Mercredi midi. Le petit jour… Dans les rues de Jette, les plus jeunes sortent de l’école pour se rendre à leur entraînement de foot, leur cours de danse, leur atelier de dessin. Dans les maisons de repos avoisinantes, mercredi est un jour comme les autres. Quelques visites familiales tout au plus... Mais depuis que l’asbl Labolobo s’est installée dans le quartier, cette réalité a changé.

©Benjamin Boar

©Benjamin Boar

Une chorale familiale

L’entrée dans les locaux de Labolobo, chaleureusement décorés, se fait en musique. Une chorale intergénérationnelle répète. La doyenne de nonante-deux ans n’est pas là aujourd’hui, mais sa benjamine (qui a quatre-vingt-deux ans de moins) est bien présente. Ce qui les lie : le chant. Yves, septuagénaire, participe à cet atelier depuis trois ans : « J’aime chanter, et l’idée de partager ce moment avec ma belle-fille et ma petite-fille me faisait énormément plaisir. » Il s’étonne encore chaque mercredi de l’émotion ressentie à l’écoute de la pureté des voix d’enfants. Catherine, 47 ans,est la belle-fille de Yves. Pour elle, « Labolobo est l’occasion pour les plus jeunes de voir aussi les aspects positifs des personnes âgées ».

Restaurer les liens entre générations

Labolobo, c’est un ensemble de projets de cohésion sociale qui visent à réunir les générations en milieux urbains. L'asbl se présente comme un laboratoire social et artistique, tandis que « lobo » signifie « loup » en espagnol, une figure qui traverse tous les âges et qui est attrayante pour petits et grands.

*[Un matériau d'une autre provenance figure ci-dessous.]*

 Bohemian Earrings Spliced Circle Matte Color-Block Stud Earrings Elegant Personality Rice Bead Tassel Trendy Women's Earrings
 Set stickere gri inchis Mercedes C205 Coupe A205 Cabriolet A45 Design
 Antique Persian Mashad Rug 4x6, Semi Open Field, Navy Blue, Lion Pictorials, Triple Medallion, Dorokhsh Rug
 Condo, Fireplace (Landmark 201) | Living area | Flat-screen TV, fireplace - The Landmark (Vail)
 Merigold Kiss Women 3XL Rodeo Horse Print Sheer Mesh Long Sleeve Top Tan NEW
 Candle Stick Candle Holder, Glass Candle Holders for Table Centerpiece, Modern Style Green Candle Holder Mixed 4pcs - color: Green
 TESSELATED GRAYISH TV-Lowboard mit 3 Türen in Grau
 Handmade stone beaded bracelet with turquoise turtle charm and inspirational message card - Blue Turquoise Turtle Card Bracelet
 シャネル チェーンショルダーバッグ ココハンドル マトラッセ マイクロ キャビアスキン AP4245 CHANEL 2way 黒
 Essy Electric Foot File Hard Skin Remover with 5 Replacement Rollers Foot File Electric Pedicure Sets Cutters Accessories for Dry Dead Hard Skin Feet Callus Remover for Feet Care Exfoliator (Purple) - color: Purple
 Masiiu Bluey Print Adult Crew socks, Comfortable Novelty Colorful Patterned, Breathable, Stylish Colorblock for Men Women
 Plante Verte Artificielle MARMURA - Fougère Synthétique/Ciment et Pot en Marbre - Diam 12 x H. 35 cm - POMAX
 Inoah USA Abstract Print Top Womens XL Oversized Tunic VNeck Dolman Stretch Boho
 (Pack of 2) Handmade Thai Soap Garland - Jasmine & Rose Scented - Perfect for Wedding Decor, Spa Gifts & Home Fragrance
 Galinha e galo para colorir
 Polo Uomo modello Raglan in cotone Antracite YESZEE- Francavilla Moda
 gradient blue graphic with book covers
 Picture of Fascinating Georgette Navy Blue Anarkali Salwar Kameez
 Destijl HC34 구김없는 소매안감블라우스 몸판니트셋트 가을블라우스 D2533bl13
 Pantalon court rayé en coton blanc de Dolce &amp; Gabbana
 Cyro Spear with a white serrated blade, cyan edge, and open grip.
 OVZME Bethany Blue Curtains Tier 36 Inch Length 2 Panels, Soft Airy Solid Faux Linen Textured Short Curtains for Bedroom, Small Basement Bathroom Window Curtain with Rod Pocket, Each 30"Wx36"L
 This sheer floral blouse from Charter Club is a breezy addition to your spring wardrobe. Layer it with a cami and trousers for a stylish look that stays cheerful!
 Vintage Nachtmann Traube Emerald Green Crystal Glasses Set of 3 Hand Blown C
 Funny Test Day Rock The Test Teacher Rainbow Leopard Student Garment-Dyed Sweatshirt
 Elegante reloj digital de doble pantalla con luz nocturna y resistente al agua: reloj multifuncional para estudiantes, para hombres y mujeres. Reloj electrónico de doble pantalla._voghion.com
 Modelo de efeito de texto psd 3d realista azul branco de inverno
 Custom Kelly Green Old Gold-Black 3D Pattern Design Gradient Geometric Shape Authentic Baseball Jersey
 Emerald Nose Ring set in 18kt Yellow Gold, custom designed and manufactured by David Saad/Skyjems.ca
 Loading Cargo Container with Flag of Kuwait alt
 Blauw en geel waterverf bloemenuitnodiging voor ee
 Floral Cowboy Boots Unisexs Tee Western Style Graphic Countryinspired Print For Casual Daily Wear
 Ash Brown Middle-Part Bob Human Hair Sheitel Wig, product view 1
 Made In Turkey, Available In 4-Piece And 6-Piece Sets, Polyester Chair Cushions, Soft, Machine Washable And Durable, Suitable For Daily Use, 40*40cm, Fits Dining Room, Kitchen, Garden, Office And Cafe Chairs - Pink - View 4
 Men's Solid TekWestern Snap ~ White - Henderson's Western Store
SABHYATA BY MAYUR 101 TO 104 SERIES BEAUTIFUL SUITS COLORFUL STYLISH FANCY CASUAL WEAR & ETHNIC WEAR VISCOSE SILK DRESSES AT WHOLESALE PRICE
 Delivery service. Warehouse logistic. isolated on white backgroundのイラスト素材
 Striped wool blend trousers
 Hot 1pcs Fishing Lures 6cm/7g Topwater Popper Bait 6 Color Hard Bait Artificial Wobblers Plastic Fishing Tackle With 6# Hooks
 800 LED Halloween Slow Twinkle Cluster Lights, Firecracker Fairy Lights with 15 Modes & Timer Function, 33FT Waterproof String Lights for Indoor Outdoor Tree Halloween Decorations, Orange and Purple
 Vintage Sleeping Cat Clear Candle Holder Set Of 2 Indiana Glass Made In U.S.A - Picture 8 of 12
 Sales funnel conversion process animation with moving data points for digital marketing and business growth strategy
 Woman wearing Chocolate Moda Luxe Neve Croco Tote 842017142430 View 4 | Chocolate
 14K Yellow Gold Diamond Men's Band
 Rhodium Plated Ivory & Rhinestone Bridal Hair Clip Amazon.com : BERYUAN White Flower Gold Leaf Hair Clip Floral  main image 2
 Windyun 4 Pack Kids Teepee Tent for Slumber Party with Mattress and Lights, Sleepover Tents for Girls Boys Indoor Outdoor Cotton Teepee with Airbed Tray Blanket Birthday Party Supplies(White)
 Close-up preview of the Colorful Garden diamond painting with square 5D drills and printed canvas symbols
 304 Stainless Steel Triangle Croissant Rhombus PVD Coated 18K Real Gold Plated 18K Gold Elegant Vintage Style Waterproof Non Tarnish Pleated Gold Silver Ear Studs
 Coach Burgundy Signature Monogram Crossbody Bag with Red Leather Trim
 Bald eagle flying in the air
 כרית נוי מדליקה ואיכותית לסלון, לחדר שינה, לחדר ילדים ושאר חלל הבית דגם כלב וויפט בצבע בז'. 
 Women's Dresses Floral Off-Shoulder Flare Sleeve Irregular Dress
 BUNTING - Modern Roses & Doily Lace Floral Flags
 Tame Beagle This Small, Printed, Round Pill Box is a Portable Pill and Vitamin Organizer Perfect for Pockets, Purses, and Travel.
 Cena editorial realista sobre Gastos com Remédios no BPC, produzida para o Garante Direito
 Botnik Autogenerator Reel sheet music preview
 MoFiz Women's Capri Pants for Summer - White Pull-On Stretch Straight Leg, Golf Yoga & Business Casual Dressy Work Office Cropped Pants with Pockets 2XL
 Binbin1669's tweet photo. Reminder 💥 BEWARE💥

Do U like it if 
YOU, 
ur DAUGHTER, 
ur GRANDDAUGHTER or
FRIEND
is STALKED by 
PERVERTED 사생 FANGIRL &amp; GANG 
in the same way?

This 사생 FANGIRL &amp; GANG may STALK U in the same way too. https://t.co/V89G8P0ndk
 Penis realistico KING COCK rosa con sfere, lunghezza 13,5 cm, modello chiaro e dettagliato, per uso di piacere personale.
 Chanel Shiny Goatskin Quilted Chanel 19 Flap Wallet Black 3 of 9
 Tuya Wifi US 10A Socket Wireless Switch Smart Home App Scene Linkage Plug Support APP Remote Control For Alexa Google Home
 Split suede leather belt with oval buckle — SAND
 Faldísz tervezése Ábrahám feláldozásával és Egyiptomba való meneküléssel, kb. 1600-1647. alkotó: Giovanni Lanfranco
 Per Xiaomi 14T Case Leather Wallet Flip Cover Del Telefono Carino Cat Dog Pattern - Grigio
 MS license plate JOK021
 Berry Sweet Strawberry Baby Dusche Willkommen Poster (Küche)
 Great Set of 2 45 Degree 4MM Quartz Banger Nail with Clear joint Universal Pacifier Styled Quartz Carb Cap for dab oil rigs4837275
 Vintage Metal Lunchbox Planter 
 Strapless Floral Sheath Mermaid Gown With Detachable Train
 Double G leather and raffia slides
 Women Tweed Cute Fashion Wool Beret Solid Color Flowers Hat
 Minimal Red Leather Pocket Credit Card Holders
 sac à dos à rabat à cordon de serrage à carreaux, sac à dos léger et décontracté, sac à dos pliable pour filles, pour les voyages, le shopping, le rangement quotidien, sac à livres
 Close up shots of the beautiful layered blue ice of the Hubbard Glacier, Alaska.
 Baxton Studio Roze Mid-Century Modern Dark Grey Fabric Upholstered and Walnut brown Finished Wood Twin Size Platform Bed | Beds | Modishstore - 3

Il y a quelques années, Giulia Sugranyes, cofondatrice du projet, s’installe à Jette avec sa petite famille et fait plusieurs constats : « En ville, il y a une séparation marquée entre les âges. Tout est organisé pour une gestion homogène par génération, ce qui représente un appauvrissement humain notable. Or, les institutions des aînés sont souvent proches des écoles. Mais rien n’existe pour mettre en lien les seniors et les enfants », déplore l’Espagnole.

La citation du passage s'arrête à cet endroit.